Inkomstenderving voor groente-exporteurs
23/01/2020 11:07
-
Merredith Bruce

De vraag naar gesneden sopropo is niet groot volgens Swami Girdhari, secretaris van de Vereniging van Exporteurs van Agrarische Producten in Suriname.
Foto: Mataw Impex
PARAMARIBO -
Exporteurs van groenten en fruit verliezen inkomsten sinds nieuwe regels van de Europese Unie (EU) voor de export van deze producten in december zijn ingegaan. Vooral voor ondernemers die sopropo exporteren is het een klap, zegt Swami Girdhari, secretaris van de Vereniging van Exporteurs van Agrarische Producten in Suriname (VEAPS), tegen de Ware Tijd.
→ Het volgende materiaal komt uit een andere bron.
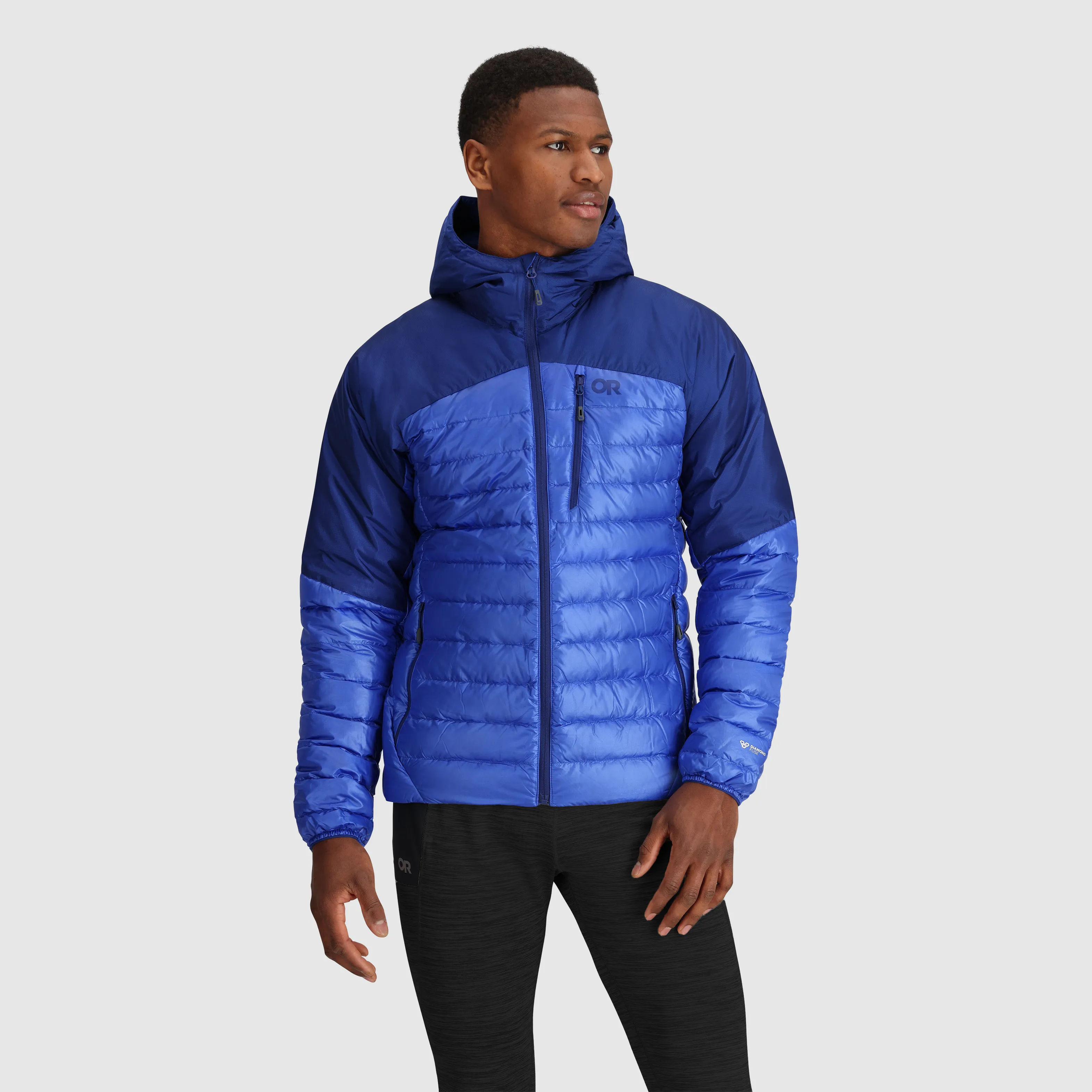 Mens Premium Lightweight Helium Down Insulated Hoodie Jacket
Door de nieuwe regels is het verboden om verse (hele) sopropo te
exporteren. Dit gewas maakte een aanzienlijk deel uit van de
groente-export naar Nederland. Hoewel sommige exporteurs hierop
inspelen door de groente bewerkt (gesneden) en bevroren te
exporteren, lost dit het probleem niet echt op.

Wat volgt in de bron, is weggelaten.